Kudatuli adalah peristiwa ketika anak-anak Pembangun mencoba membunuh anak-anak Pendiri.
Tak berhenti sampai situ, PDI Soeryadi yang fiktif bertengger di surat suara pada Pemilu 1997. PDI yang sejati, yang beranggotakan semua kader PDIP kecuali Soeryadi, mendadak jadi Partai tak diakui.
Menyandang status tak diakui dan tidak sah selama 1997 – 1999, inilah yang dikenal sebagai PDI dalam masa Perjuangan.
Manipulasi Kuning yang begitu hebat kepada PDI yang sejati, rupanya tak diizinkan tegak.

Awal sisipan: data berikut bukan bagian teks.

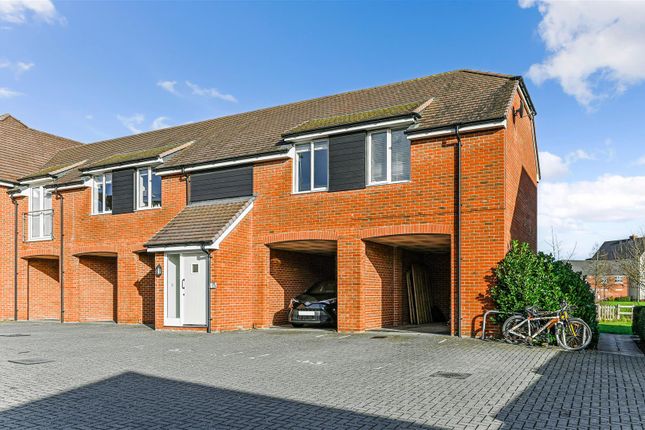 Hadleigh Close, Andover, SP11 6WQ 1 bed coach house for sale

Alam lebih berkuasa dan memilih menjatuhkan Pemerintahan Kuning setelah 32 tahun berkuasa. Berdirilah pemerintahan transisi dipimpin Habibie, satu-satunya Presiden RI yang menyebut “Gigi” dengan lafal “KhiKhi”.

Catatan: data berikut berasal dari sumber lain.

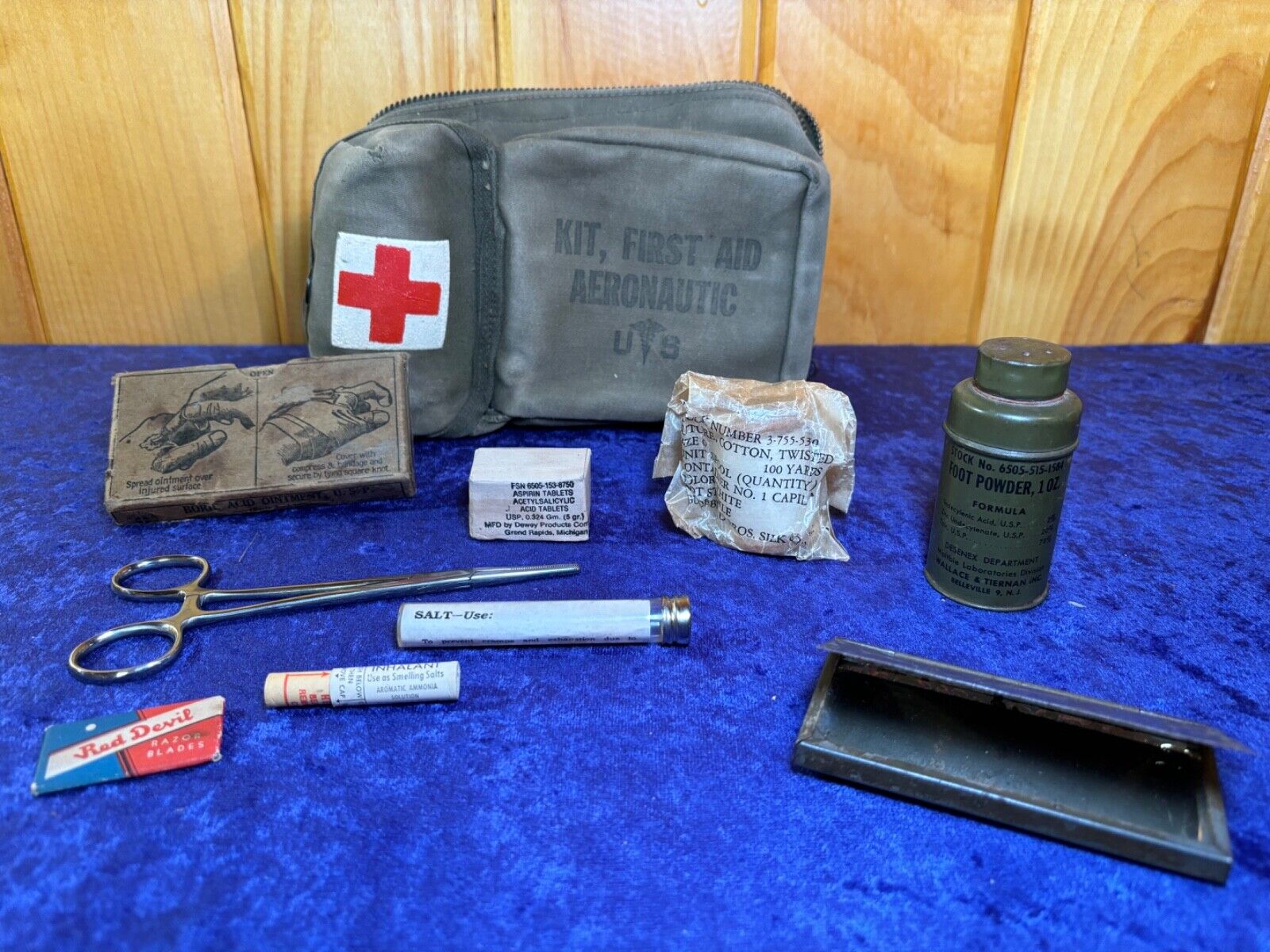 Vintage ww2/korea medical kit with some contents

Meski berlafal setengah Londo setengah Indonesia, Habibie mencoba meluruskan apa yang salah, soal PDI. Maka pemerintahan transisi berjanji menggelar Pemilu dalam waktu 1 tahun, yaitu Pemilu 1999. Dan Pemerintahan Habibie mengakui PDI sejati yang menyandang nama baru, PDI Perjuangan.
PDI Soeryadi tak tentu rimbanya. Soeryadi entah dimana. Tentara kembali ke barak. Kera berdiri tegak yang diberi kaos merah, kembali ke hutan belantara.

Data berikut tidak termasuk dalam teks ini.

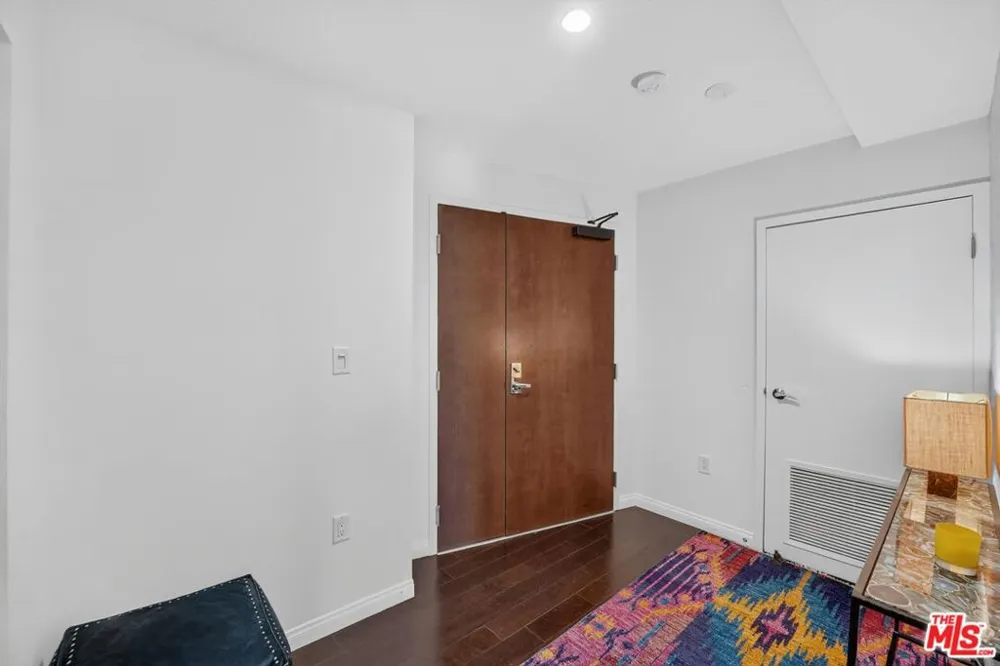 3785 Wilshire Boulevard #1212 Los Angeles, CA 90010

Itulah makna Kudatuli bagi kader PDIP yang mengerti sejarah dan perjuangan partainya.
Kudatuli adalah hari dimana anak-anak Pembangun bermanipulasi dan berkonspirasi untuk membunuh anak-anak Pendiri.
Kudatuli adalah hari dimana Bani Pendiri mengalami ujian kelangsungan hidup yang serius, hampir mati namun selamat dan kembali tegak.
Kudatuli adalah hari dimana seluruh dunia melihat bahwa Merah dan anak-anak Pendiri tak mudah menyerah.
Kudatuli adalah hari dimana anak-anak Pendiri, betapapun dipecah belah, mampu bertahan dan tetap satu.